"Kee" Points with Jim Kee, Ph.D.

Overall, the data last week supported continued growth in the U.S, weaker growth in China, and lower but positive growth in Europe and Japan. Recall that from an investor’s perspective, it is really growth “surprises” that move markets (most of last week’s data was in-line with expectations). Policy responses to new data are a big source of surprises, and I think markets right now are watching as to whether the Chinese government will surprise with a positive stimulus plan, and whether the European Central Bank will enact some form of central bank asset purchases in response to fragile  growth there. The sentiment is still pretty negative for emerging markets as a whole, particularly the mostly “extractive” or commodity based economies. But I am seeing more “buy India” enthusiasm, primarily because of coming elections there. When combined with the fact that University of Chicago economist Raghuram Rajan is heading up India’s Central Bank, it increases the expectations of positive policy surprises there. But the big news will be Friday’s monthly jobs report here in the U.S. That report will give us an estimate of the number of jobs created in March; expectations are in the 200,000 range (February’s number was 175,000, and January’s was 129,000).

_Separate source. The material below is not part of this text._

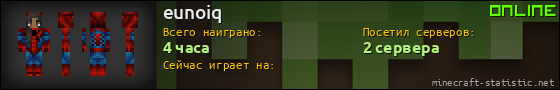 Юзербар 560x90 для eunoiq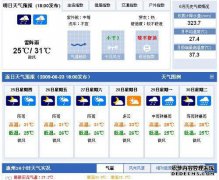 1天，7天，10天，15天山东庆新办事处天气预报，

Last week I mentioned that there is far more agreement as to what constitutes stimulative monetary policy than there is regarding fiscal policy. Nevertheless, it is possible to discern some agreement on basic tenets among members of the IMF, the Federal Reserve, the European Central Bank, etc. Those tenets are that less bureaucratic rigidity (more open and flexible labor, product, and capital markets) is more stimulative than more rigidity, and that more certainty regarding tax and regulatory policy is preferable (more stimulative) to less certainty. That is, there is a basic recognition of the power of market forces. By the way, you don’t have to be a fan of capitalism or free markets in order to respect market forces. There is much wisdom in the following profound (in my opinion) statement from economist Arnold Harberger, who has been influential in promoting free market capitalism throughout the world. Harberger argues against those:


“for whom market solutions are always best, always beneficent. In contrast, I like to say that markets are tough and cruel, like the winds and the tides. He who tries to fight them has himself one hell of a battle. Our big challenge is to understand market forces, so that we can take advantage of them, rather than find ourselves standing in front of the tidal wave when it appears.”


Those forces are basically the laws of supply and demand, and the fact that people and resources tend to move away from activities that promise low rewards and into activities that promise high rewards.